- BRIEF
Each record must be returned exactly, apart from the pictures, which stay out.

[Brief descriptive captions]
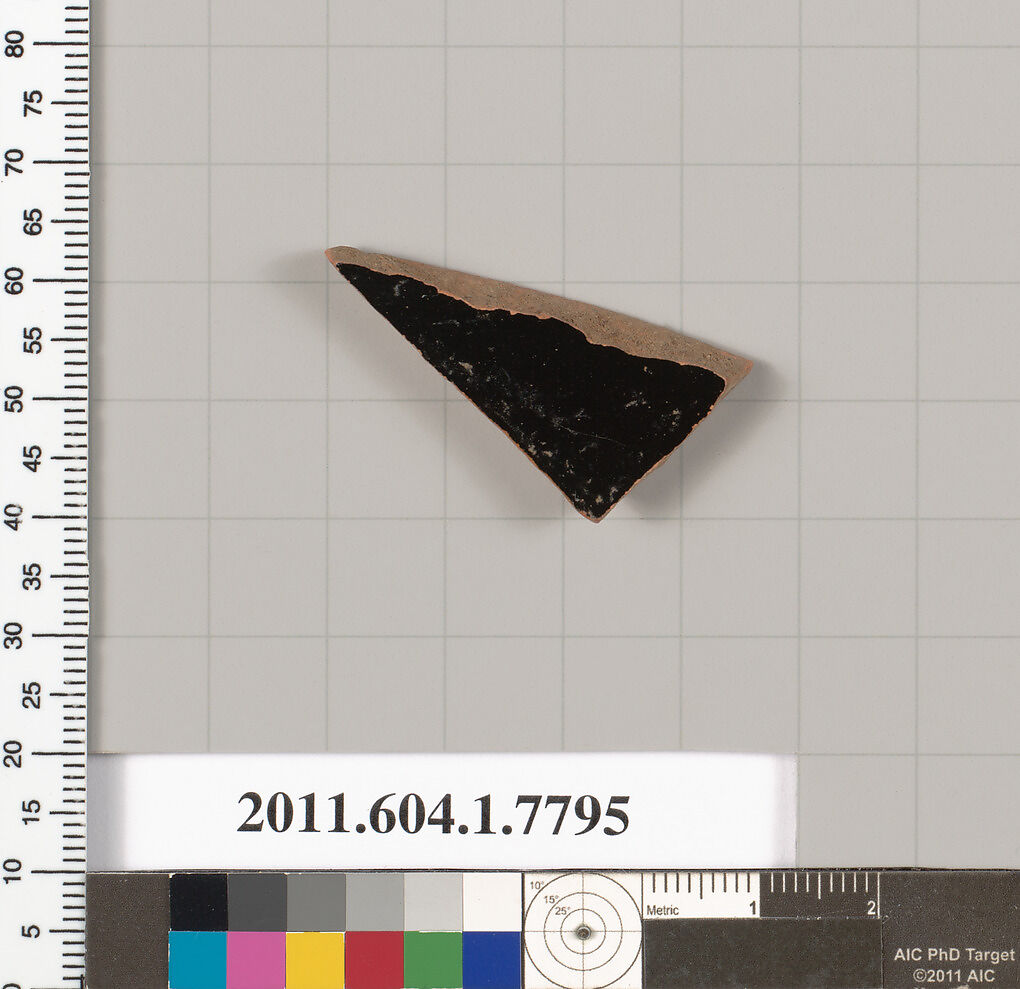 Terracotta fragment of a kylix (drinking cup), Terracotta, Greek, Attic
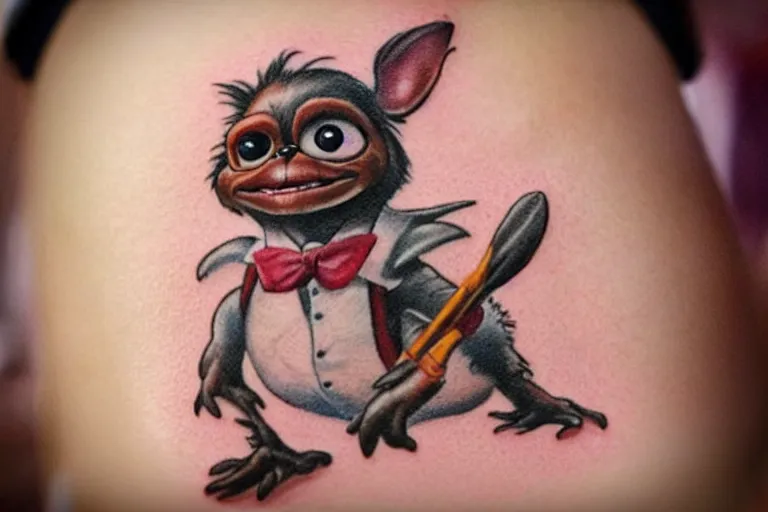 Image similar to a cute hyper realistic tattoo of gizmo from the movie gremlins wearing a wedding suit and looking happy. neo modern tattoo school, tattoo, dslr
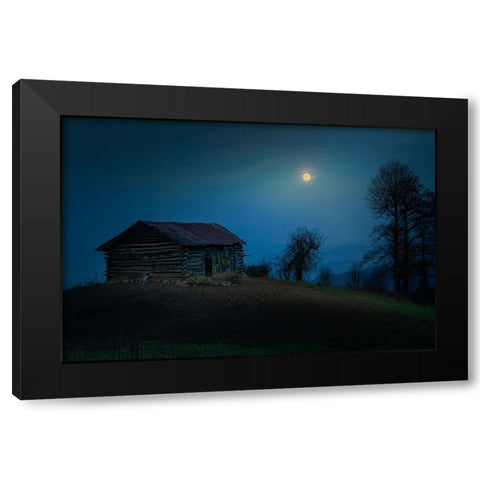 Moonlight Black Modern Wood Framed Art Print with Double Matting by Danial.F16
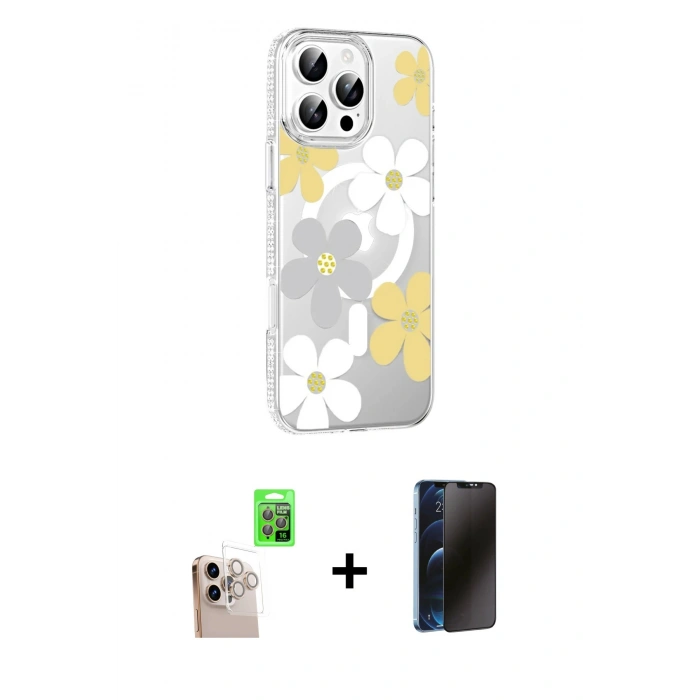 MARSİLYAN™- iPhone 16 Pro Max Kılıf Yörünge Işık Prime - Siyah 3D Antistatik Hayalet Cam Ekran Koruyucu + Raze Metal Kamera Lens - NLGY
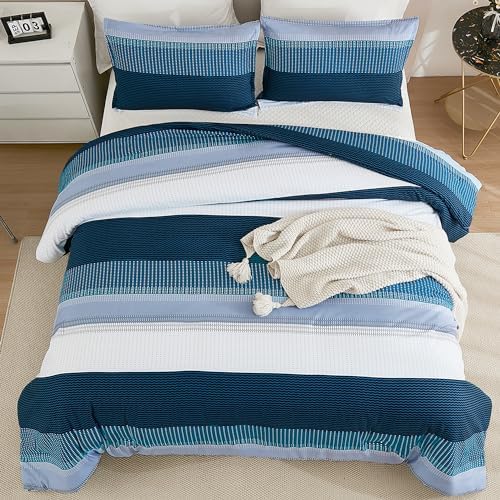 Litanika Navy Blue King Size Comforter Set - 3 Pieces Stripe Bed Set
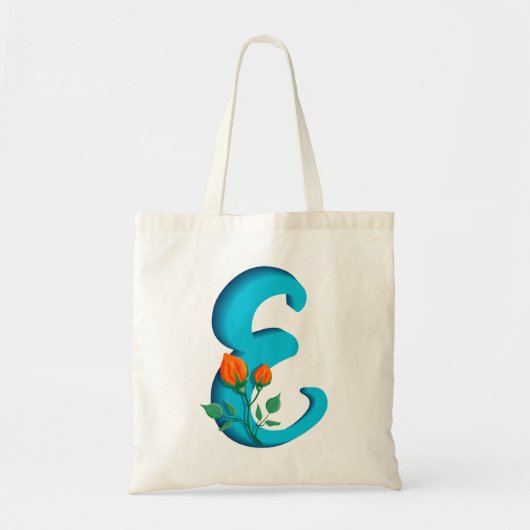 Hoofdletter E bloemenmonogram Tote Bag (Voorkant)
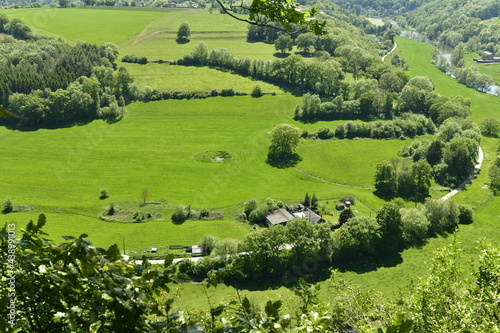 Fond de la vall  e de l Ourthe entre bois  champs et fermes vue depuis la falaise de la Roche aux Faucons    Esneux au sud de Li  ge 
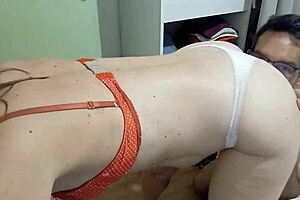 1289 - amateur french slut satin lingerie set thong and bra heels doggy style blowjob rimming pov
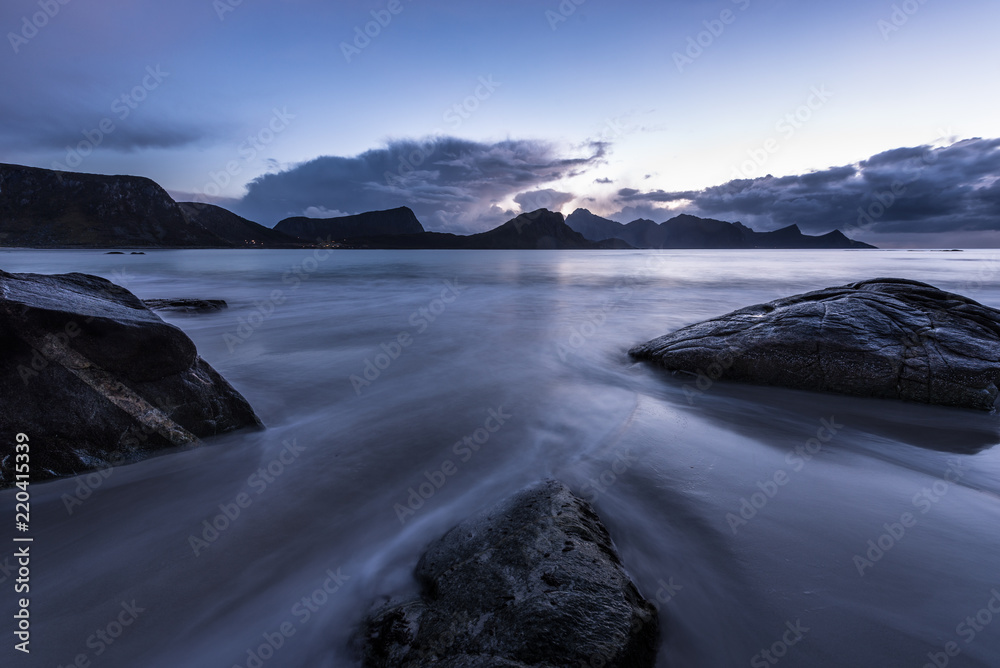 norwegian haukland beach, long time exposure, sunset, white sand beach, norway, europe, lofots, lofoten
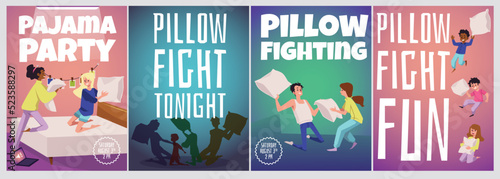Pillow fight and pajama party invitation posters or flyers, flat vector illustration.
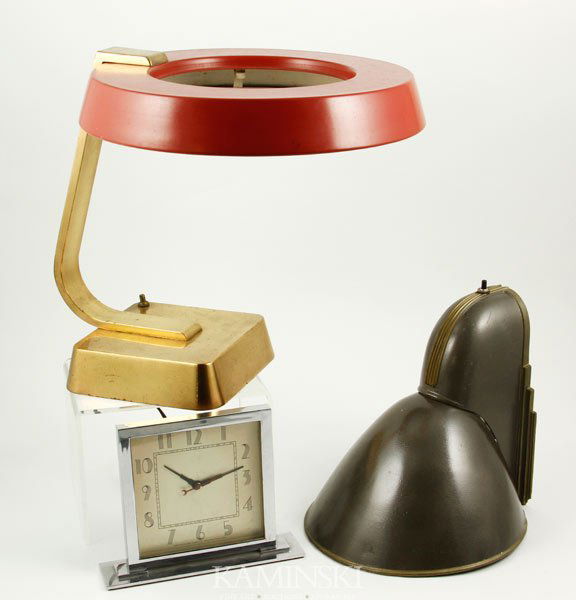 Early Mid C. American Functional Design Items: Group of early mid century, American, functional design items, to include: Gilbert Rohde for Herman Miller art deco square face clock, chrome, circa early 1930s, 6 1/2"h, working condition unknown; st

- TASK SOLUTION
 Terracotta fragment of a kylix (drinking cup), Terracotta, Greek, Attic
 Image similar to a cute hyper realistic tattoo of gizmo from the movie gremlins wearing a wedding suit and looking happy. neo modern tattoo school, tattoo, dslr
 Moonlight Black Modern Wood Framed Art Print with Double Matting by Danial.F16
 MARSİLYAN™- iPhone 16 Pro Max Kılıf Yörünge Işık Prime - Siyah 3D Antistatik Hayalet Cam Ekran Koruyucu + Raze Metal Kamera Lens - NLGY
 Litanika Navy Blue King Size Comforter Set - 3 Pieces Stripe Bed Set
 Hoofdletter E bloemenmonogram Tote Bag (Voorkant)
 Fond de la vall  e de l Ourthe entre bois  champs et fermes vue depuis la falaise de la Roche aux Faucons    Esneux au sud de Li  ge 
 1289 - amateur french slut satin lingerie set thong and bra heels doggy style blowjob rimming pov
 norwegian haukland beach, long time exposure, sunset, white sand beach, norway, europe, lofots, lofoten
Pillow fight and pajama party invitation posters or flyers, flat vector illustration.
 Early Mid C. American Functional Design Items: Group of early mid century, American, functional design items, to include: Gilbert Rohde for Herman Miller art deco square face clock, chrome, circa early 1930s, 6 1/2"h, working condition unknown; st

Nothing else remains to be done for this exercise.